Au vue de ce qui précède, on peut soutenir que les affirmations de monsieur Camara selon lesquelles l’omission du passage du serment en question libère le président de son obligation constitutionnelle de faire respecter la loi, prêtent largement leurs flancs aux critiques légitimes. Nous soutenons que le président Alpha Condé reste obligé à faire respecter la Loi malgré l’omission de la partie de phrase en question.
D’ailleurs, le même article 45 renferme une partie de la réponse à la deuxième question à savoir, la validité du serment du président Alpha Condé.
- II) Quelle conséquence aura cette omission sur la validité de la prestation de serment du président de la République ?
S’il s’avère comme le soutient monsieur Camara, que le président avait omis un passage du serment, la question de sa validité peut légitimement être posée comme il l’a lui-même posée. Quant à la réponse à cette question, elle exige l’analyse d’un certain nombre de points.
Il est incontestable que l’article 35 de la constitution soumet l’installation du président de la République dans ses fonctions à sa prestation de serment faite de lecture de certains de ses engagements constitutionnels contenus dans le même article 35. Attention ! C’est aux électeurs qu’il tient sa qualité de président et s’agissant de son pouvoir, il le tient de la constitution et non du SERMENT qu’il prête. Dans ce cas d’espèce, mis à part cette omission involontaire, le président avait prêté serment comme l’exige l’article 35. Il reste à se demander si l’omission du passage en question (et de faire respecter la loi) est de nature à invalider sa prestation de serment tout en sachant que le passage qui a été omis est contenu dans une autre phrase du même serment ?
Avant d’aller plus loin, il ne sera pas inutile de chercher à savoir ce que c’est un SERMENT ?
Selon le dictionnaire LAROUSSE, le SERMENT est une affirmation solennelle de quelqu’un en vue d’attester la vérité d’un fait, la sincérité d’une promesse, l’engagement de bien remplir les devoirs de sa fonction.
Au vue de cette définition, on comprend que le serment n’est ni créateur, ni exonératoire d’obligation. Il a pour fonction de donner le caractère solennel à un engagement ou à une affirmation. Dans notre cas, par sa prestation de serment, le président Alpha Condé avait bien donné le caractère solennel à son engagement de respecter la constitution. On peut en déduire que la prestation de serment du Président ne crée aucune obligation à son égard, et l’absence de prestation de serment ne l’exonère d’aucune obligation constitutionnelle inhérente à la fonction présidentielle, à part celle de prêter serment pour le respect de l’article 35 de la constitution. Et cela a été fait par lui.

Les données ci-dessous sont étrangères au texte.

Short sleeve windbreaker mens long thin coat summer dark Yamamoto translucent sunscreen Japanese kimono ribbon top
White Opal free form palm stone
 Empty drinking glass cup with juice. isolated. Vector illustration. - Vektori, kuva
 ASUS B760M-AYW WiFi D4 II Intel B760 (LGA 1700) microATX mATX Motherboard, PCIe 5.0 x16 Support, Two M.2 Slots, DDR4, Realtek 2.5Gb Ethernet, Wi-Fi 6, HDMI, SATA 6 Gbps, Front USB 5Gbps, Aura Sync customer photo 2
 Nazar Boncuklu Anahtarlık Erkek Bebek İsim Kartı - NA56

Pour revenir aux affirmations de monsieur Camara, nous estimons qu’il est indéniable que la prestation de serment par le président avant sa prise de fonction est une exigence constitutionnelle dont le respect s’impose. Si malgré sa prestation de serment, l’omission involontaire du passage en question peut donner lieu à pluralité d’interprétation quant au respect de l’article 35, on ne peut en dire autant quant du respect de l’obligation du président de s’engager solennellement à respecter ses obligations constitutionnelles contenues dans le même article 35, engagement qui constitue la raison d’être de la prestation de serment. En termes d’engagement, seule la prononciation du passage suivant « de faire respecter la loi » fait défaut. De ce fait, peut-on affirmer que le président ne s’est pas engager à faire respecter la Loi ? La réponse négative s’impose. Comme nous l’avons mentionné plus haut, le fait par le président de dire dans son serment qu’il jure de « respecter la constitution » couvre totalement le passage qui a été omis. En s’engageant à respecter la constitution, il s’engage par ce fait à respecter l’article 45 alinéa 2 précité qui englobe le passage omis lors de la prestation de serment. Voici pour rappel, ce qu’en dispose l’article 45 alinéa 2 : « Il (le président) « veille au respect » de la Constitution, des engagements internationaux, « des lois » et des décisions de justice ».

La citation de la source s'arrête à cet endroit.